More broadly, I would suggest that following novelists helped Nelson uncover one variant of commons democracy. It seems that Frontier commoning intrigued 19th-century novelists and, in turn, Nelson. Which raises the question: Has Nelsons’ source base clouded out other forms of commons democracy? For example, the often urban, immigrant radicals who populate Seth Cotlar’s Tom Paine’s America advocated for participatory politics and espoused equalitarian ideas about property distribution. Moving forward through time and outside of cities, I wonder about the similarities between commons democracy as Nelson describes it and Jacksonian-era utopian communities in the Burned-Over district. There are many other examples of ordinary people forming and enacting their own communal visions for democracy. Is there something fundamentally different between these groups and those that Nelson focuses on in Commons Democracy, besides that the former were not fodder for novels? Or can we define commons democracy more broadly so as to include them?

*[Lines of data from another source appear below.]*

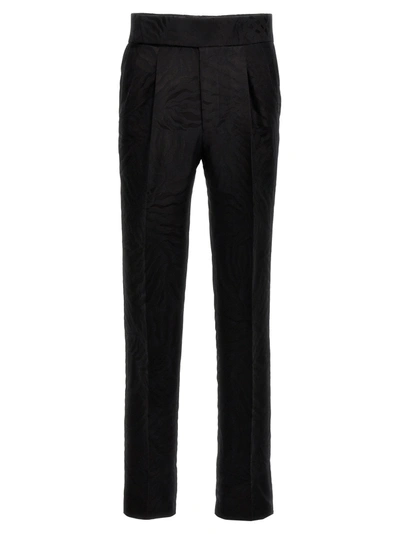 Bally Jacquard Trousers In Black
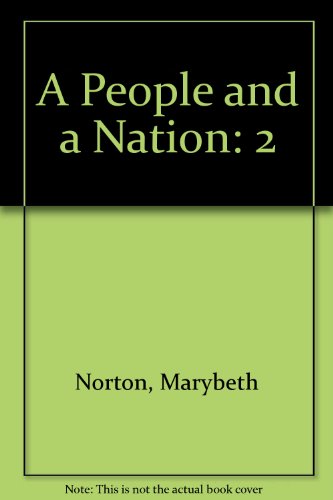 Stock image for A People and a Nation: Since 1865 for sale by HPB-Red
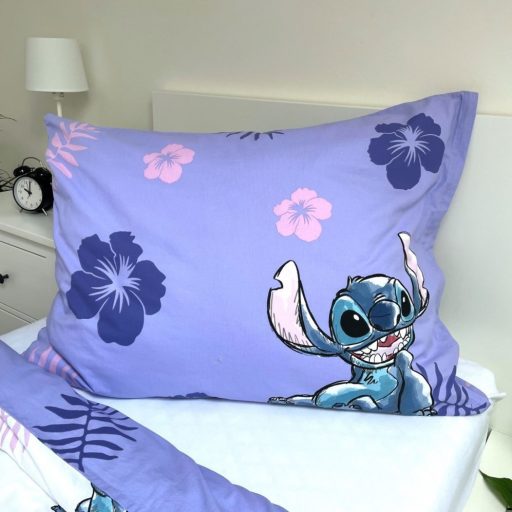  LILO és STITCH ágyneműhuzat, Purple, 140x200 + 70x90 cm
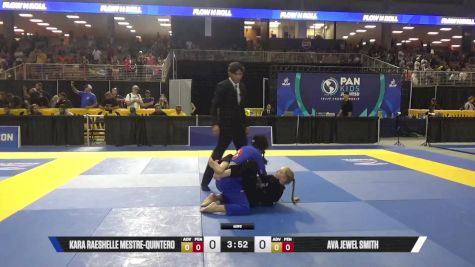 Katherine Grace Jacobson vs Kara Raeshelle Mestre-Quintero 2025 Pan Kids Jiu-Jitsu IBJJF Championship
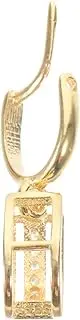 [NIYANGLE] Diamond Pendant Buckle Carabiner Pendant Connect Clasp Gold Plated Necklace Charm Pinch Necklace Pendant Clasps Rhinestone Charm Necklace Pendants Clasps S Silver Golden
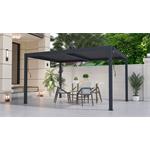 Bioklimatická pergola G21 Austin 4x3 m, antracitová hliníková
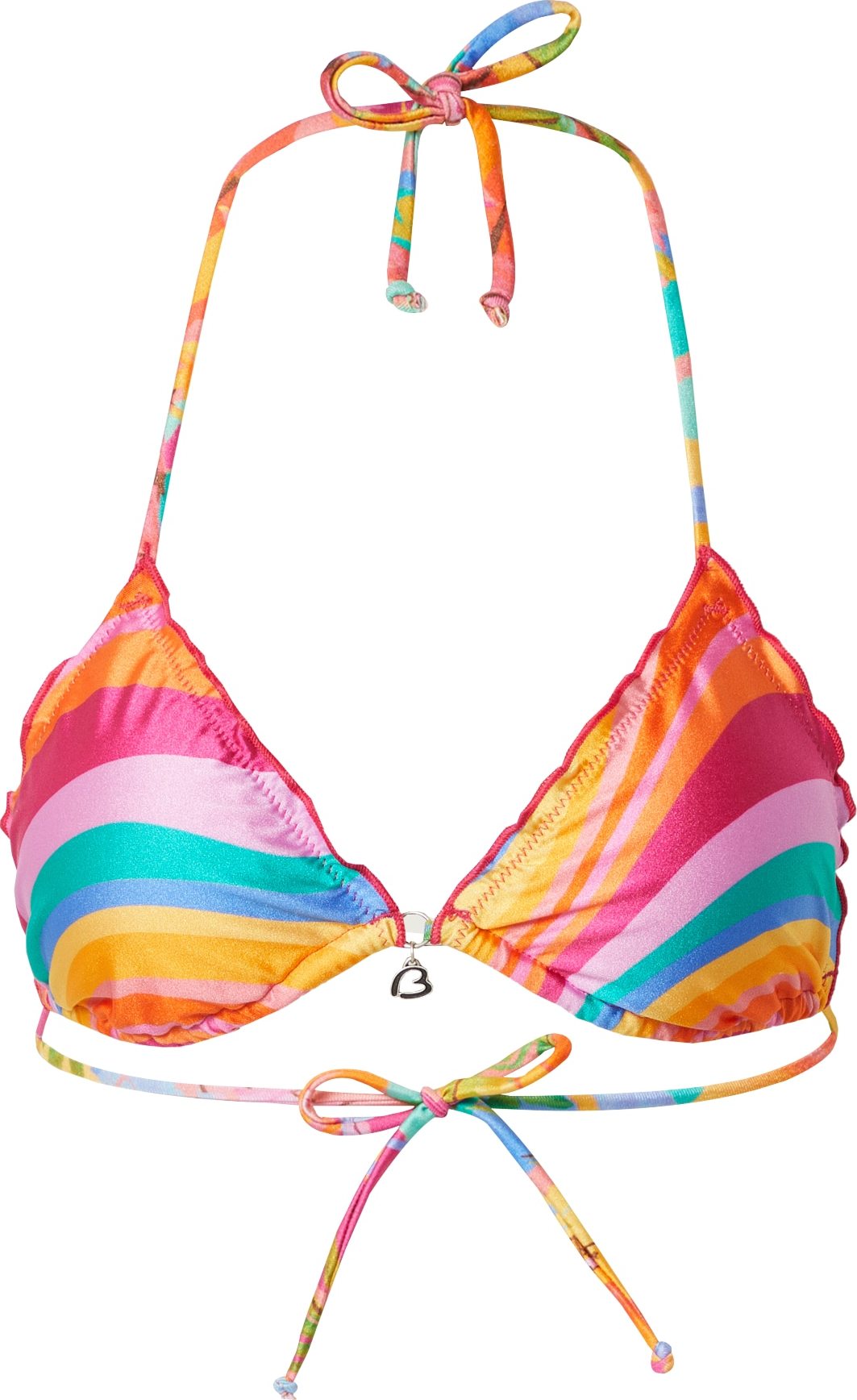 Banana Moon Horní díl plavek nefritová / oranžová / růže / červená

Thinking very broadly about commons democracy seems important because Nelson concludes in the epilogue that commons democracy is a necessary ingredient in American democracy. ‘I’m persuaded by Brackenridge’s advocacy for “the middle way”’, Nelson writes. It can both help ‘overcome local tyrannies’ and shield localities from bureaucratic abuses (p. 178). For Nelson, ‘the vernacular daily ordinariness of commons democracy was neither an obstacle to the cultivation of the Framers’ liberal, representative democracy nor a misunderstanding of it. Rather, it was the cultural, practiced ground on which the United States’ fabled democracy took root and held’ (p. 176). Yet in Nelson’s book, we rarely see commoners contributing to ‘wise administration’ (p. 178). We rarely see the ‘middle way’ in action, which makes it difficult to envision how to achieve it. Perhaps, though, we can find the ‘middle way’ in action elsewhere.

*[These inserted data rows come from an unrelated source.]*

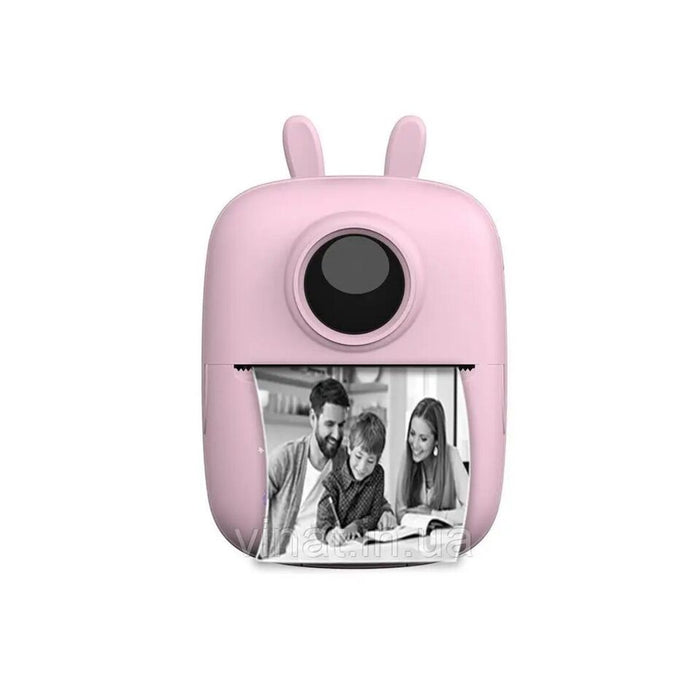 MINI STAMPANTE PORTATILE STAMPA DA SMARTPHONE FOTO VIDEO TESTO ROSA BLUETOOTH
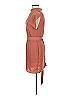 ASOS 100% Polyester Solid Orange Casual Dress Size 4 - photo 5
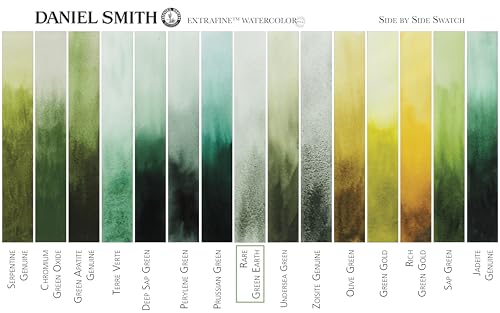 Daniel Smith Extra Fine Watercolor Paint, 15ml Tube, Rare Green Earth, 284600181, 0.5 Fl Oz (Pack of 1) - Image 4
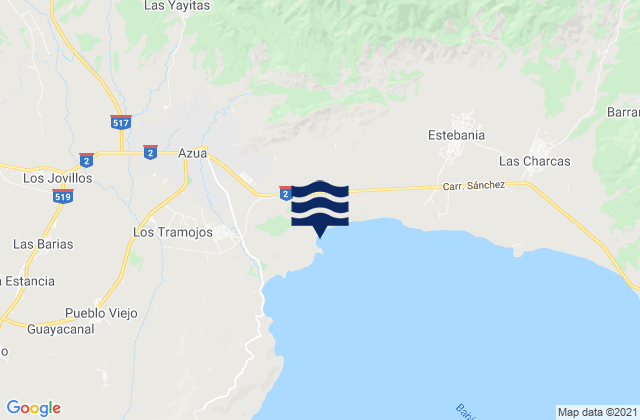 Karte der Gezeiten Azua, Dominican Republic
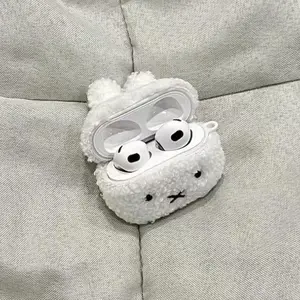 New Miffy Bluetooth Earphone Cover Japanese Kawaii Girls Plush Airpods 4/3/pro2 Earphone Cover Couple Cartoon Gift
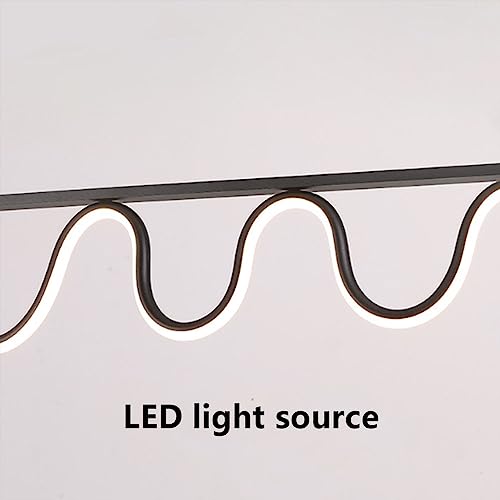 Lustre LED à ondes longues architectural au design minimaliste suspendu - 6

Nelson’s Commons Democracy deserves the attention of a wide range of early republic scholars, especially those interested in literature, democracy, and the political practices of ordinary Americans. This vigorously argued book offers a coherent paradigm for understanding an important part of the early American democratic tradition. The field would do well to run with Nelson’ framework and explore the full range of commons democracy in the early republic.
Author's Response
I first want to thank Dr. Boonshoft for his careful reading of and response to my book. Everyone hopes for readers who engage a book thoughtfully on its own terms, and I’m most grateful to have my work reviewed in that spirit.
Above all, I thank Dr. Boonshoft for his willingness to accept the premise I hazard, that political fiction from the early nation might actually help us limn a clearer picture of the historical practices of commons or vernacular democracy than archives have thus far enabled us to see. I accept his point that in chapter five, I reach the limit of my fictional sources by using Cooper’s Littlepage trilogy to suggest if not persuasively to argue that civic and resource communing were still manifest closer to the metropole. The Upper Hudson region of upstate New York was, as Boonschoft rightly observes, anomalous, where as he puts it ‘the fabric of representative political institutions was remarkably thin precisely because of the continued power of the manors’, leaving this neighborhood more like the frontier than the districts that bordered it. My accompanying gesture toward the Dorr’s Rebellion was insufficient to suffice in this respect.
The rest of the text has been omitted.